• [Goal of the exercise]: Full transcription, minus images: write out the listing below exactly as it appears.

• [Material provided]:
= = = =
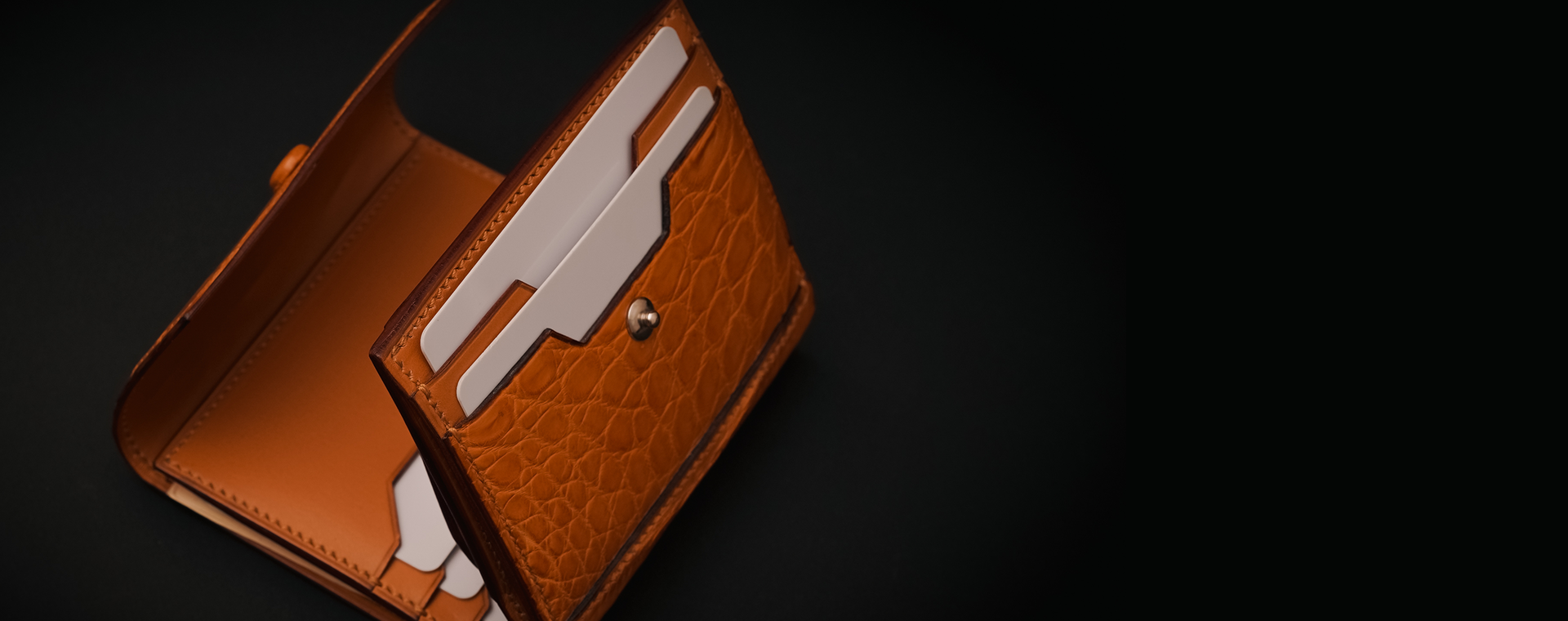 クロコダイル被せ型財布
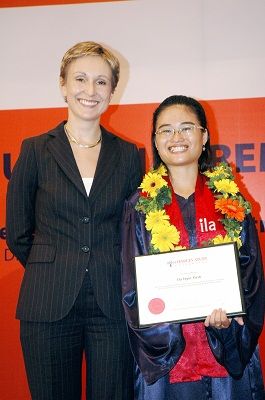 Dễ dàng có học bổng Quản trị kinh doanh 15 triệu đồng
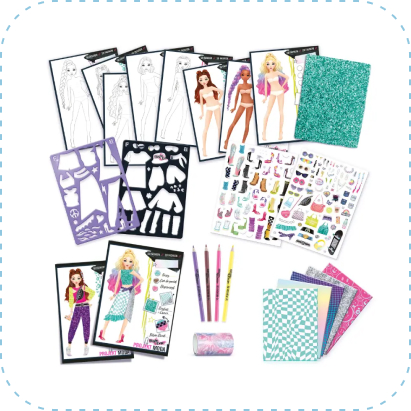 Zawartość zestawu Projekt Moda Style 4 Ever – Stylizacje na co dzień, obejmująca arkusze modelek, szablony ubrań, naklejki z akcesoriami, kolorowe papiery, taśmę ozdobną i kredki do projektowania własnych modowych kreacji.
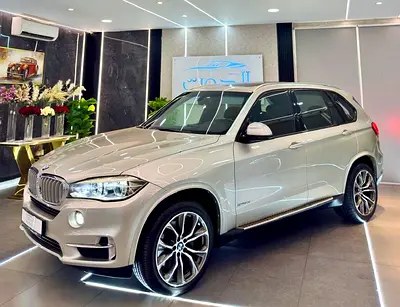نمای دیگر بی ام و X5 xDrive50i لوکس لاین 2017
= = = =
• [Result]:
 クロコダイル被せ型財布
 Dễ dàng có học bổng Quản trị kinh doanh 15 triệu đồng
 Zawartość zestawu Projekt Moda Style 4 Ever – Stylizacje na co dzień, obejmująca arkusze modelek, szablony ubrań, naklejki z akcesoriami, kolorowe papiery, taśmę ozdobną i kredki do projektowania własnych modowych kreacji.
نمای دیگر بی ام و X5 xDrive50i لوکس لاین 2017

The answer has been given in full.